Problem to work on
Write out every line exactly, from the first line of the records below through the line that contains "28 Pieces Maxi".

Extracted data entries
------------------------------

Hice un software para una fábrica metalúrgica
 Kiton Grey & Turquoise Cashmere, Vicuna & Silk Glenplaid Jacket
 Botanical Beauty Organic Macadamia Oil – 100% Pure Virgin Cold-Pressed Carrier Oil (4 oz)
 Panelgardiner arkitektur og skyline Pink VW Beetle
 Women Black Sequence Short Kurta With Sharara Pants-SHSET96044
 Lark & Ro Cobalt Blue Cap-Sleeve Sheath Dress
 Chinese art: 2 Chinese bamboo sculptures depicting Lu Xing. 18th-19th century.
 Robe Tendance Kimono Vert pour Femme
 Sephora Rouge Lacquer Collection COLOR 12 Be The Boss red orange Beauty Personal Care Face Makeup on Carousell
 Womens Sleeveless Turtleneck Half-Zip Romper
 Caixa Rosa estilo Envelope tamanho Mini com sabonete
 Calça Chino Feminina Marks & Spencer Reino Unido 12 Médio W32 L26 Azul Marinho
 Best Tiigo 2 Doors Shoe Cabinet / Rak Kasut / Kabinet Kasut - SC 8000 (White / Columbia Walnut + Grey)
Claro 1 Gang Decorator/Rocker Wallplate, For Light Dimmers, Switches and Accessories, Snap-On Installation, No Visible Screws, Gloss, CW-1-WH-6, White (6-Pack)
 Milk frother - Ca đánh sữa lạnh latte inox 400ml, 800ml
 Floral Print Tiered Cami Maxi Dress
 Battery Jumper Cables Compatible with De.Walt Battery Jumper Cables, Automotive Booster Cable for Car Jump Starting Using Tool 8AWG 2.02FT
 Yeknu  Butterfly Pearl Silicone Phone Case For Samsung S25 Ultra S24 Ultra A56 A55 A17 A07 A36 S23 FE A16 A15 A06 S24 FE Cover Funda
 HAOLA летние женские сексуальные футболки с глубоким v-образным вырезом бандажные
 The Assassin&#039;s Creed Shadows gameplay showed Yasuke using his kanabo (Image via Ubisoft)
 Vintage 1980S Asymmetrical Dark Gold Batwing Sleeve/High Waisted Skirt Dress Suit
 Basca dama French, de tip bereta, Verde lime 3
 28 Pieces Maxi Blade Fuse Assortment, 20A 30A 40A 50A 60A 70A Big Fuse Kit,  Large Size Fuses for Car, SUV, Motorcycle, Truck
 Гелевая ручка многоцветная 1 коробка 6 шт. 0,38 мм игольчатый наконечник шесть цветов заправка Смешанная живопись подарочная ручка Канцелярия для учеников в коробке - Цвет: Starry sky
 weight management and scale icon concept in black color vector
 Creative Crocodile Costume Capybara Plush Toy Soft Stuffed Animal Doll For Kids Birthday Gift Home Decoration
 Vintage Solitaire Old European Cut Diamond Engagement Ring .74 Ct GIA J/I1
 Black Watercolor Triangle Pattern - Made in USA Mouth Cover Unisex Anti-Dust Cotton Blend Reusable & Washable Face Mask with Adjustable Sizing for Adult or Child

------------------------------

Exercise answer
Hice un software para una fábrica metalúrgica
 Kiton Grey & Turquoise Cashmere, Vicuna & Silk Glenplaid Jacket
 Botanical Beauty Organic Macadamia Oil – 100% Pure Virgin Cold-Pressed Carrier Oil (4 oz)
 Panelgardiner arkitektur og skyline Pink VW Beetle
 Women Black Sequence Short Kurta With Sharara Pants-SHSET96044
 Lark & Ro Cobalt Blue Cap-Sleeve Sheath Dress
 Chinese art: 2 Chinese bamboo sculptures depicting Lu Xing. 18th-19th century.
 Robe Tendance Kimono Vert pour Femme
 Sephora Rouge Lacquer Collection COLOR 12 Be The Boss red orange Beauty Personal Care Face Makeup on Carousell
 Womens Sleeveless Turtleneck Half-Zip Romper
 Caixa Rosa estilo Envelope tamanho Mini com sabonete
 Calça Chino Feminina Marks & Spencer Reino Unido 12 Médio W32 L26 Azul Marinho
 Best Tiigo 2 Doors Shoe Cabinet / Rak Kasut / Kabinet Kasut - SC 8000 (White / Columbia Walnut + Grey)
Claro 1 Gang Decorator/Rocker Wallplate, For Light Dimmers, Switches and Accessories, Snap-On Installation, No Visible Screws, Gloss, CW-1-WH-6, White (6-Pack)
 Milk frother - Ca đánh sữa lạnh latte inox 400ml, 800ml
 Floral Print Tiered Cami Maxi Dress
 Battery Jumper Cables Compatible with De.Walt Battery Jumper Cables, Automotive Booster Cable for Car Jump Starting Using Tool 8AWG 2.02FT
 Yeknu  Butterfly Pearl Silicone Phone Case For Samsung S25 Ultra S24 Ultra A56 A55 A17 A07 A36 S23 FE A16 A15 A06 S24 FE Cover Funda
 HAOLA летние женские сексуальные футболки с глубоким v-образным вырезом бандажные
 The Assassin&#039;s Creed Shadows gameplay showed Yasuke using his kanabo (Image via Ubisoft)
 Vintage 1980S Asymmetrical Dark Gold Batwing Sleeve/High Waisted Skirt Dress Suit
 Basca dama French, de tip bereta, Verde lime 3
 28 Pieces Maxi Blade Fuse Assortment, 20A 30A 40A 50A 60A 70A Big Fuse Kit,  Large Size Fuses for Car, SUV, Motorcycle, Truck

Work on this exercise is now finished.